Friday, July 20, 2012

THE AUDACIOUSNESS OF MORAL SUPERIORITY AND CULTURE BIAS



BE KIND, FOR EVERYONE YOU MEET IS FIGHTING A HARD BATTLE.” –Plato

I can hear my roomie in college telling me to “be careful with my quantitative words,” as I begin to go into my philosophy about single Mothers and specifically about African-American women when it comes to relationships.  To me, speaking with people who have an understanding of how you think and speak, well, that means you get to speak freely and allow your thoughts to get some air.  Also, honest criticism fuels debate, and if you have a relevant and salient point to make, your argument will be either honed or found wanting.  Besides, those who protest such generalization often are found with holes and flaws in their own thinking, so should not their opinions be scored at least a half-point lower than anyone else’s if not a full point or even letter grade?

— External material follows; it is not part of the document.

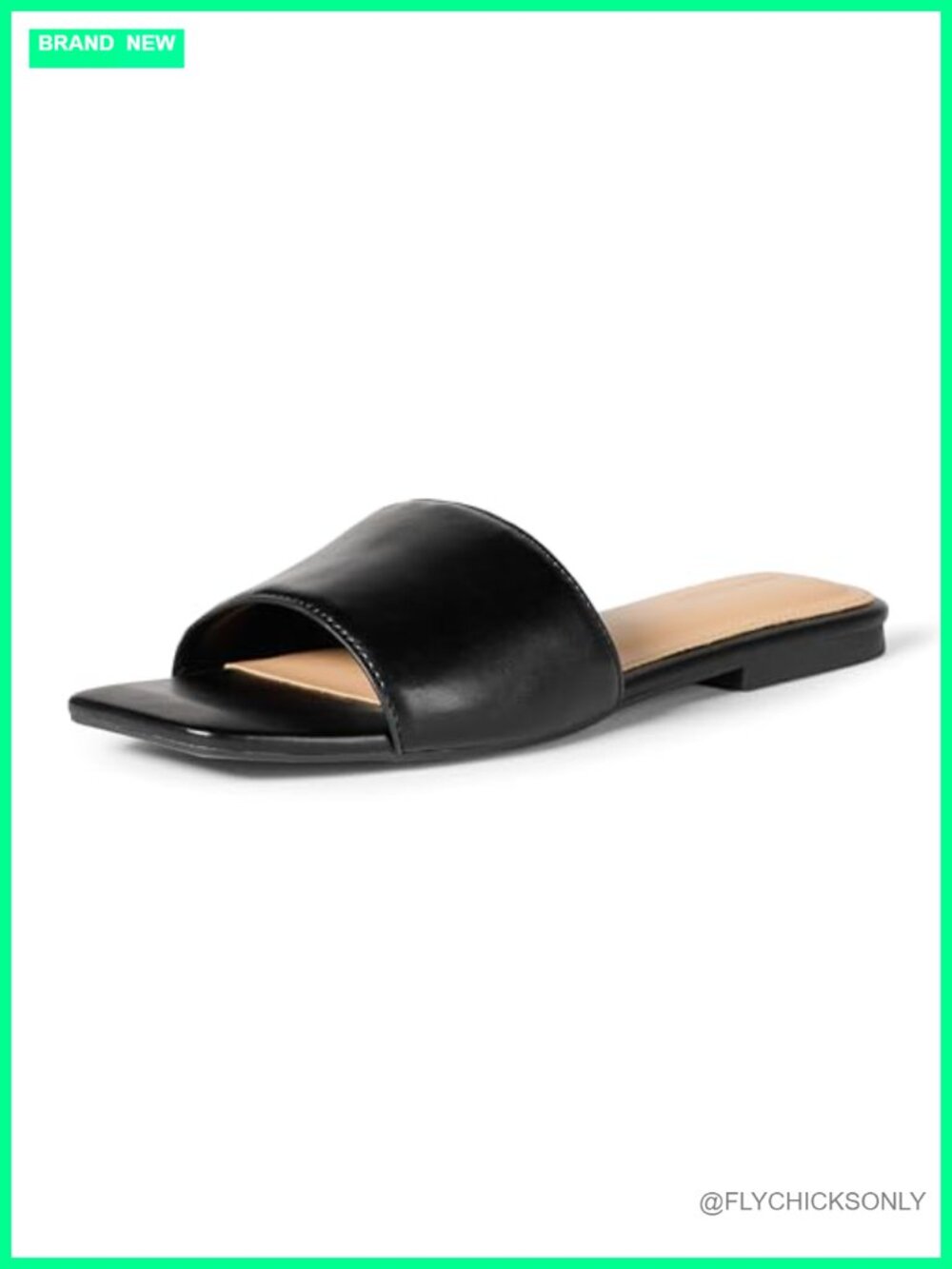 Women's Flat Slide Sandals with Memory Foam Insole, Faux Leather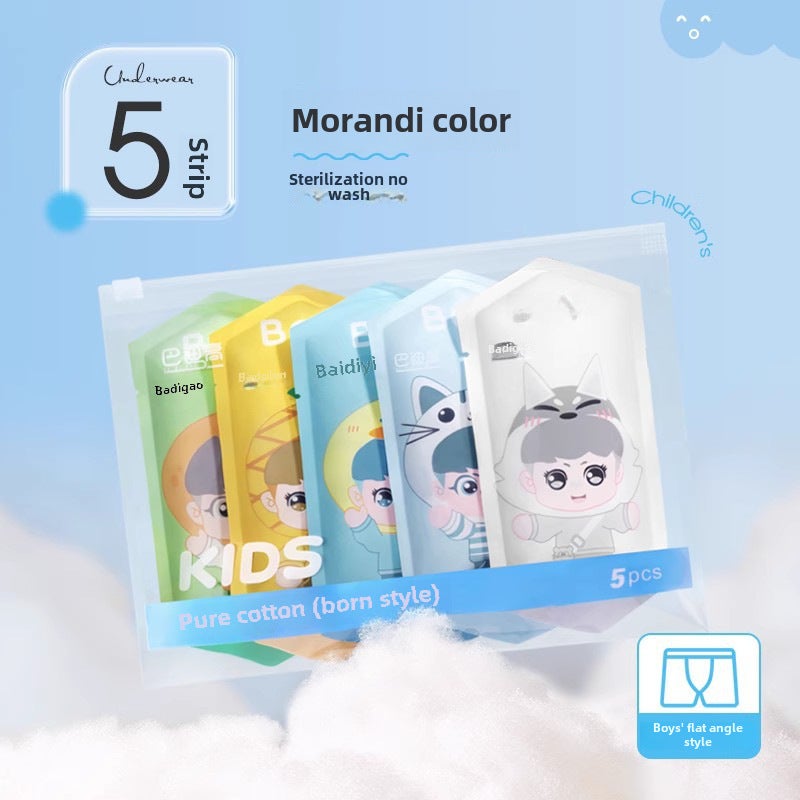 Generic Kids Cotton Disposable Underwear Set Boys Boxer Color 5 Pack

Anywho, I have made little secret that I do not place African-American women collectively, or the cohort of single Mother’s on any special pedestal.  They possess no more wisdom or deal with any greater responsibility than any other person, and that for many, the consequence of their actions based on their questionable judgment should actually render the point moot.  After all, those two traits either directly or indirectly LEAD to their situation.  It is not that I do not have high regard for them in general, as I think that my experience with many of the women that I have mention in these pages are excellent single Mothers.  What sticks in my craw, along with their supposed “wisdom” and their “sense of greater responsibility”, is that they ALL carry their burden with the same kind of grace and unflagging dignity that is not always accorded to them.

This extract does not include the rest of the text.